Calculus question: Solving for absolute minimum and absolute maximum?
For the value of f(x) = x/(x^2 +1) on the given interval [0,2]

f'(x) = (x^2 + 1 - 2x^2) / (x^2 + 1)^2

did I find the derivative correctly??? and now what do I do to set it to zero. I am totally confused !!! HELP!! Thanks




Could you show me how to solve for the +/- 1 by eliminating the denominator. Once I have that I can solve for the min. and max. ...it's the algebra that driving me crazy!!! Thanks!!

I guess I'm not clear on what I don't understand how do I get from :
this
(x^2+1-2x^2)/(x^2+1)^2 to
to
x^2 = 1 ???

that part in between is the part I'm confused about; once I can do that then I believe I know how to find the min and max.... Thanks !!!

Answer 1

Yes you did work out the derivative correctly
f'(x) = (1 - x^2) / (x^2 + 1)^2

f' = 0 when x^2 = 1
or x = +/- 1
Note that for f'(x) to be zero, you need the numerator to be zero, so forget about the denominator for now.

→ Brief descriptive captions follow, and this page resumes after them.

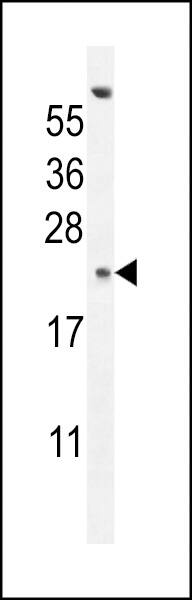 G antigen 13 Antibody (RB28268)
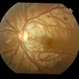 Traumatic Optic Neuropathy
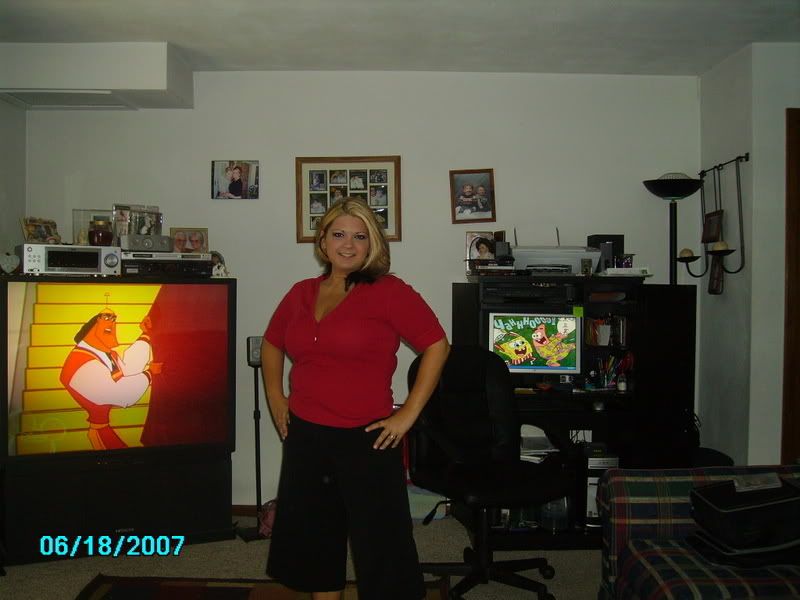 me3monthsaftersurgery003.jpg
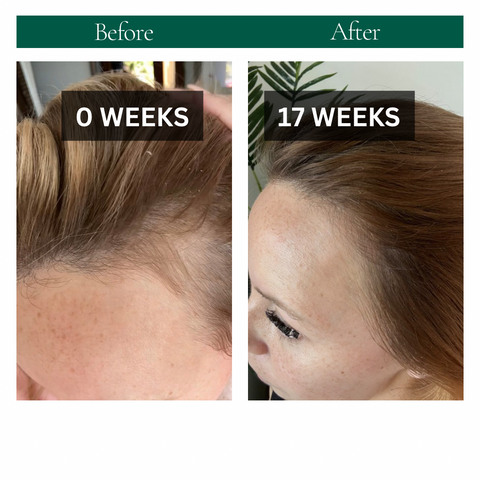 STRENGTHEN HAIR & SCALP OIL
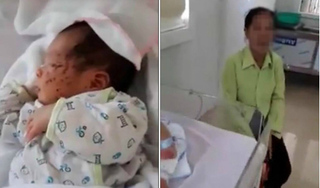 Sức khỏe bé sơ sinh bị mẹ đẻ nhét xuống nhà xí ở Thái Nguyên ra sao?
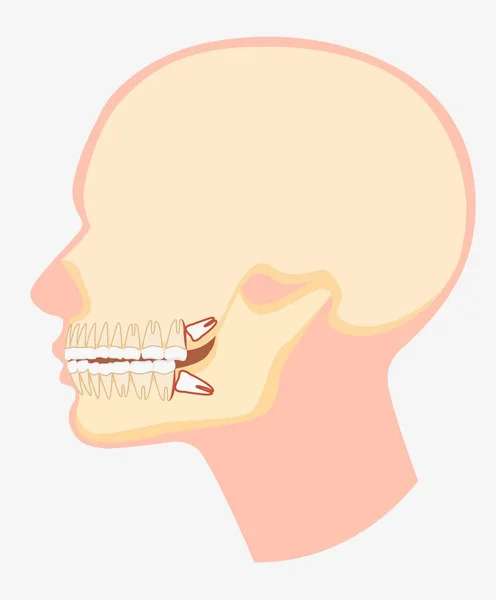 Modelo de dibujos animados de la mandíbula dental humana vista lateral vector ilustración plana — Archivo Imágenes Vectoriales
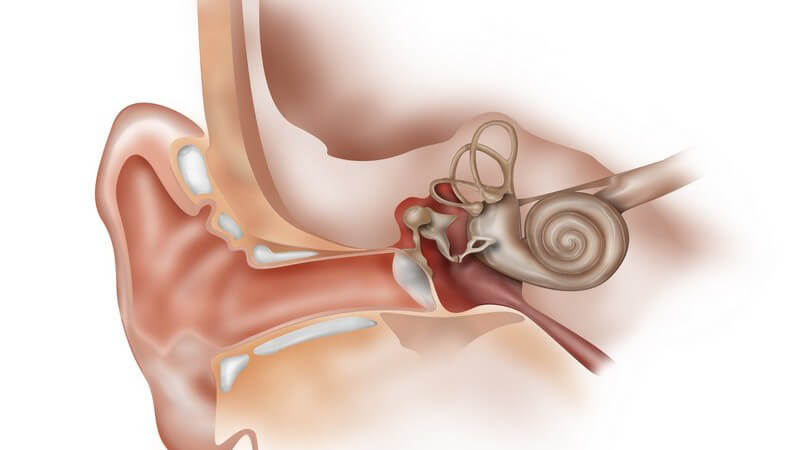 Als möglicher Auslöser gilt die vermehrte Ansammlung von Wasser im Gleichgewichts- und Hörorgan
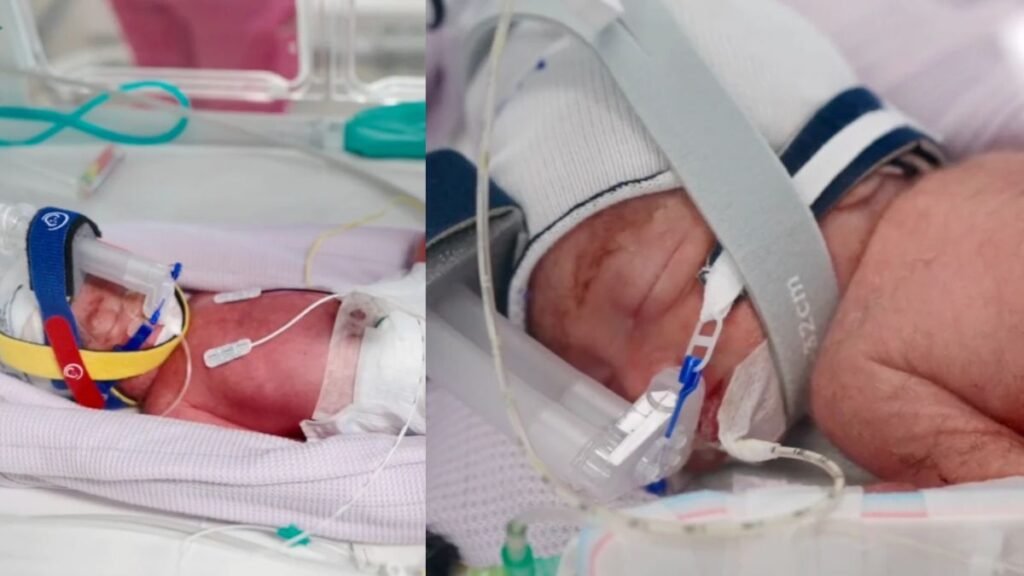 ऑस्ट्रेलियाई महिला ने दिया एक जैसी दिखने वाली 4 बच्चियों को जन्म, डॉक्टर्स रह गए दंग, कहा- ‘ये बेहद दुर्लभ’ | ACTPnews
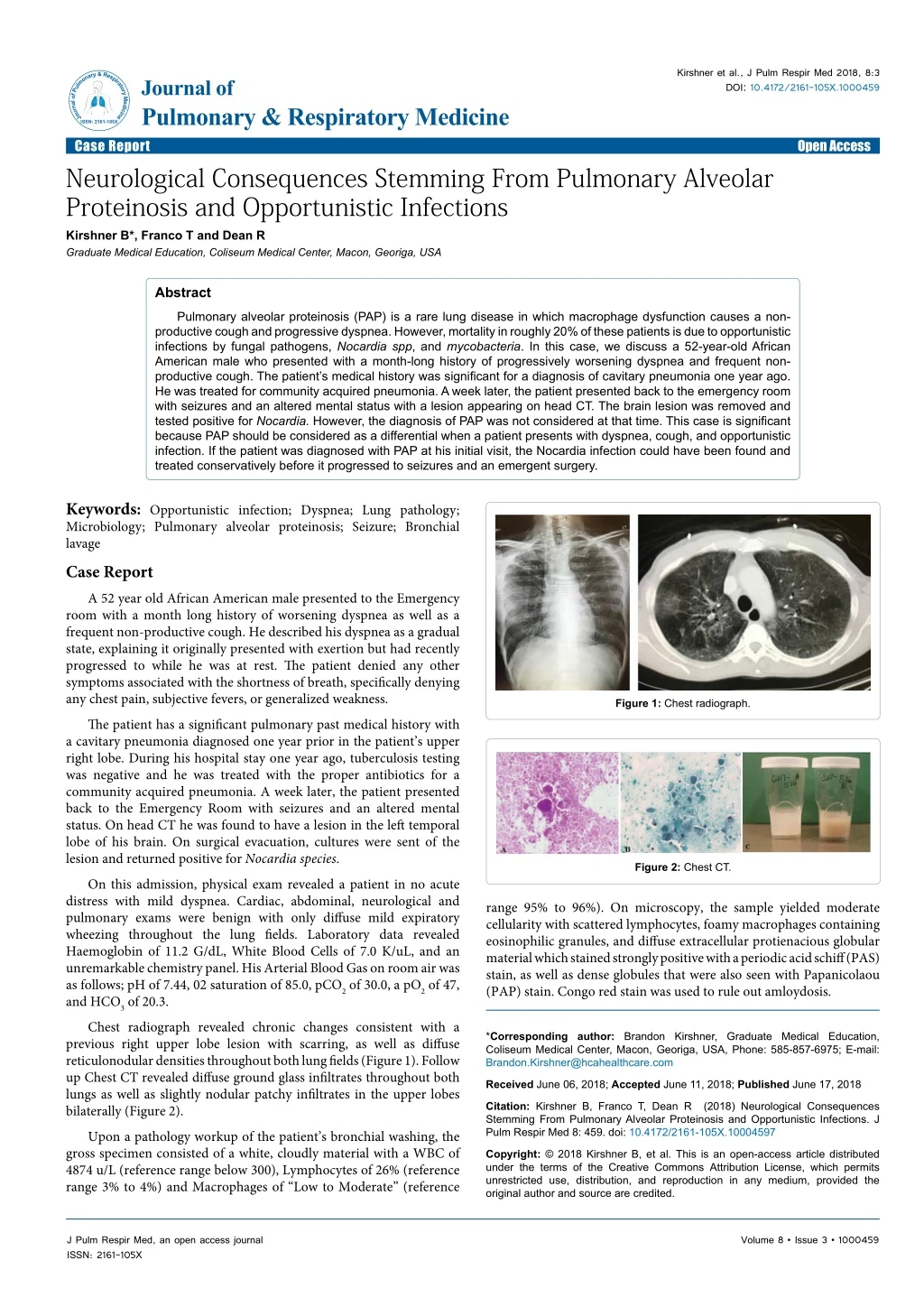 kirshner et al j pulm respir med 2018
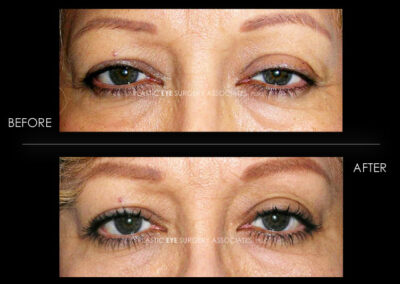 Ptosis (Droopy Eyelid) Photos 65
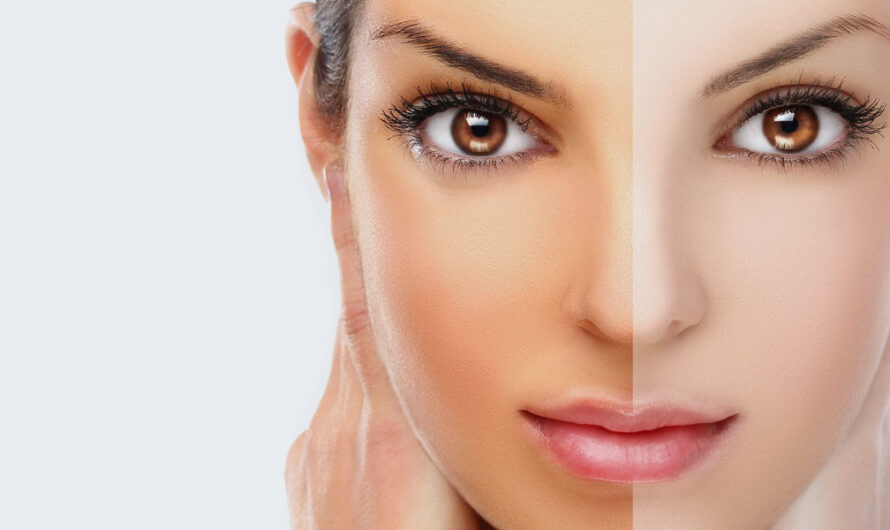 Brighten your Face with Skin Lightening Treatment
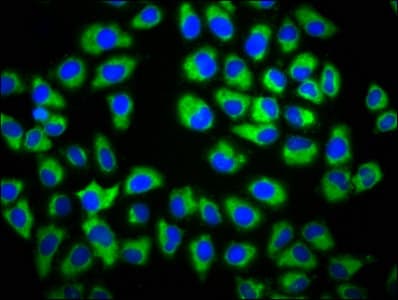 Polyclonal Rabbit anti-Human GAS1 Antibody (IHC, WB)
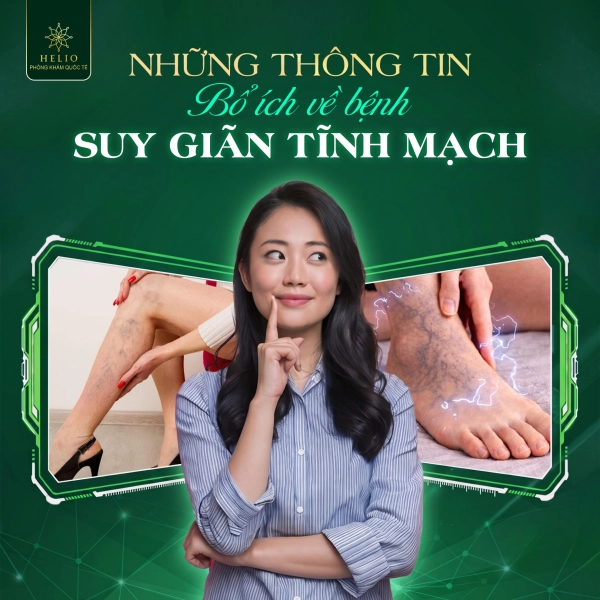 NHỮNG THÔNG TIN BỔ ÍCH VỀ BỆNH SUY GIÃN TĨNH MẠCH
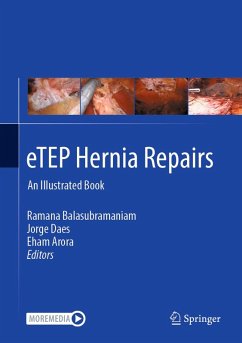 Cover eTEP Hernia Repairs (eBook, PDF)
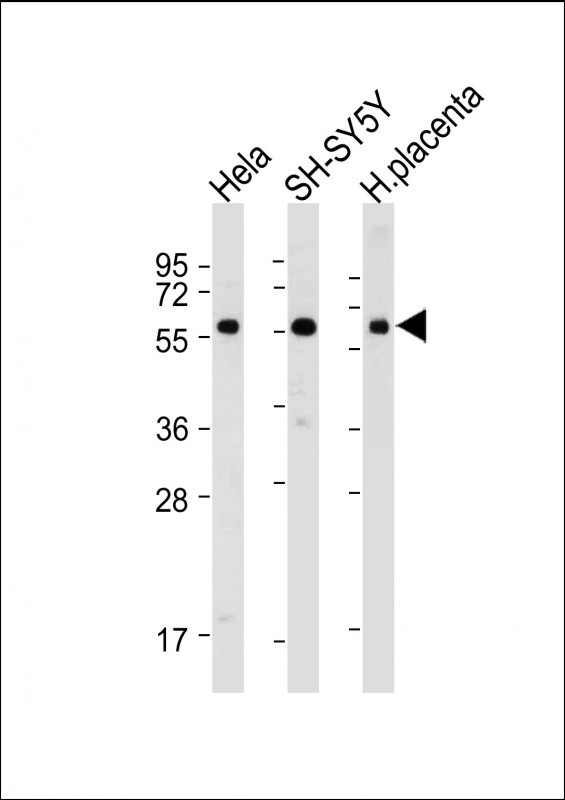 WB - BRD9 Antibody (N-term) AP18588A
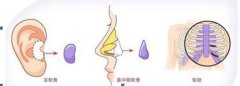 三亚自体软骨移植隆鼻医院哪家好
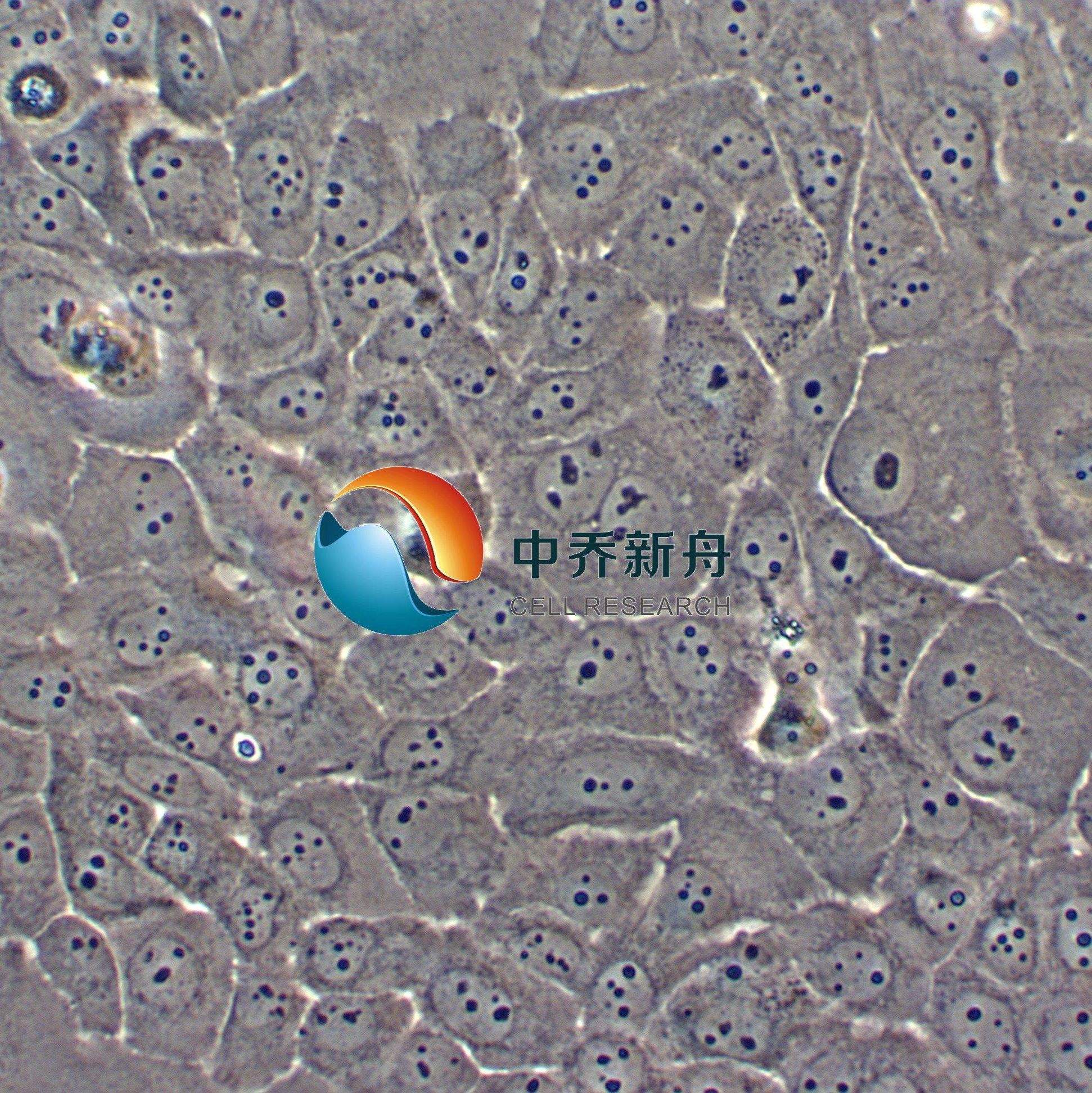HT-3人子宫颈癌细胞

Only x = 1 is in our interval

f(1) = 1 / (1^2 + 1) = 1/2
f(0) = 0
f(2) = 2 / 5

So it's clear that f(1) = 1/2 is a maximum turning point.
From that maximum the function decreases, so the minimum value will be at one of the ends, in this case f(0) = 0 is the minimum.

**EDIT**
You have f'(x) = (x^2 + 1 - 2x^2) / (x^2 + 1)^2
= (1 - x^2) / (x^2 + 1)^2
Now to find the turning points (max or min), we need to set
f'(x) = 0
Thus (1 - x^2) / (x^2 + 1)^2 = 0
The only way for that to happen is for the numerator to be zero, ie
1 - x^2 = 0
x^2 = 1
x = +/- 1 will be the location of the turning points.

Answer 2

Hello

Since you set it = 0 then you can multiply both sides by the denominator and it then drops out. You have left x^2 +1 -2x^2 or x^2 +1 = 0 now subtract 1 from both sides giving us x^2 = 1 take the square root of both sides we have x = +/- 1
Since it is from 0 to 2 you use 1 and put it into the original equation along with say 0.9 and 1.1 to see if 1 is a max or min.
Hope This Helps!!

Answer 3

f'(x) = (-x^2 + 1)/(x^2 + 1)^2

we need to find something that makes f'(x) zero inorder to find the critical points.
based on observation, the denominator can never be zero.

therefore, -x^2 + 1 = 0
x^2 = 1
x = +1, -1

next sub the value 0, 1 ,2 into fx)
-1 is not taken as it is not in the interval

f(0) = 0
f(1) = 0.5
f(2) = 0.4

hence the absolute maximum is at (1, 0.5)
absolute minimum is at (0, 0) in the interval of [0, 2]